平成21年以降の入学者であれば新カリキュラムとなっているため、実技試験が免除されます。
経済連携協定(EPA)ルート
EPAルートの場合でも介護技術講習の修了または実務者研修を修了することにより実技試験を免除する事ができます。
養成施設ルート
養成施設ルートの場合、在学中に実習へ出るため現場での経験を得る事ができ、実技試験を免除することが可能です。
実務経験ルート
実務経験ルートの場合も実際に現場で介護を行いながら受験するため、実技試験を免除することが可能です。
介護過程・介護過程IIIを修了または履修する
介護過程、介護過程Ⅲを修了または履修することで、下記の方が実技試験の免除を受けることができます。

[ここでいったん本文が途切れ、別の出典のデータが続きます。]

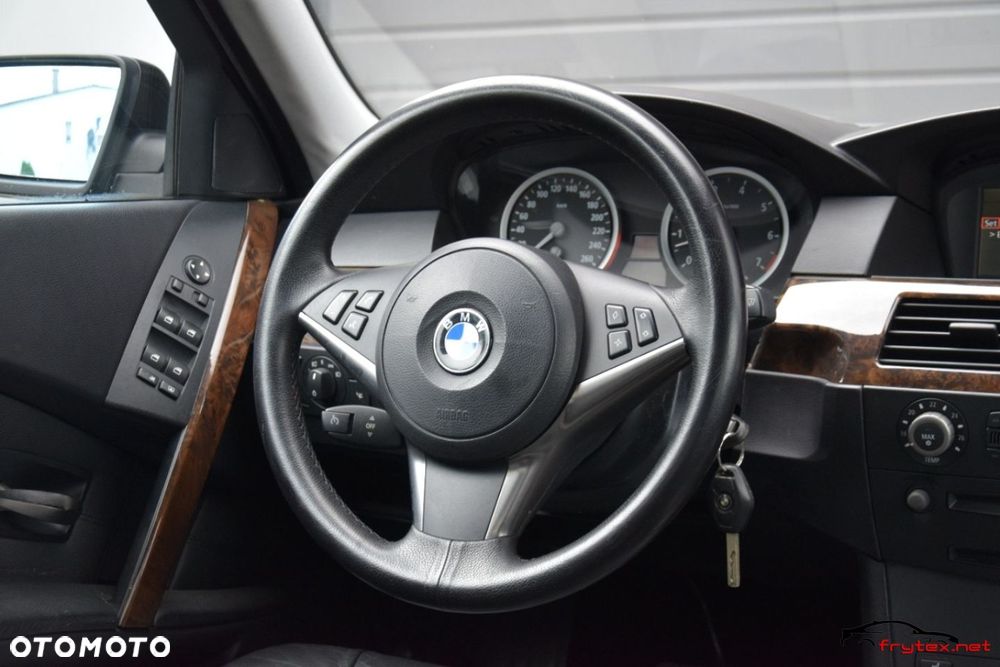BMW Seria 5 - 27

- 特例高校(専攻科を含む)を卒業し、9ヶ月以上介護等の業務に従事した方
- 福祉系高校(専攻科を含む)を卒業した方(平成20年度以前の入学者)
- EPA介護福祉士候補者
介護過程・介護過程Ⅲは実務者研修または介護福祉士養成施設などのカリキュラム内に含まれている科目になります。
介護過程・介護過程Ⅲを修了後に引き続き行われる実技試験を3回までを免除することができます。
実技試験が免除される期間は?いつまで?
実技試験が免除される期間はそれぞれのルートによって異なります。
福祉系高校ルートやEPAルートの介護技術講習修了にて免除となる場合には、講習修了後の2年が基本となっています。
養成施設ルートや実務経験ルートで介護過程・介護過程Ⅲを修了した場合には、その後3回目までの受験で免除とすることができます。
筆記試験が不合格で実技試験が受けられなかった場合でも、実技試験の免除期間は減っていくため注意が必要です。
実技試験免除申請のやり方
実技試験を免除する申請方法を紹介していきます。
(以下項目は社会福祉振興・試験センターHP参照)
実技試験免除申請が必要な人
実技試験免除が必要な方は、
- 福祉系高校(「特例高校」及び「平成20年度以前入学者」)卒業の資格で受験される方
- EPA介護福祉士候補者の方
となっています。
上記の2種類の方は実技試験免除申請が受験申込時に必要です。
受験申し込み時に研修を修了している場合
受験申し込み時に必要な研修を終了している場合には、申し込み用紙とともに研修を修了したとき発行される証明書の原本を提出します。
受験申し込み時に研修を修了していない場合
申し込み時に研修を終了していない方は、介護技術講習の実施者から交付される「介護技術講習受講決定通知書」を受験申込用紙に添付して提出することとなります。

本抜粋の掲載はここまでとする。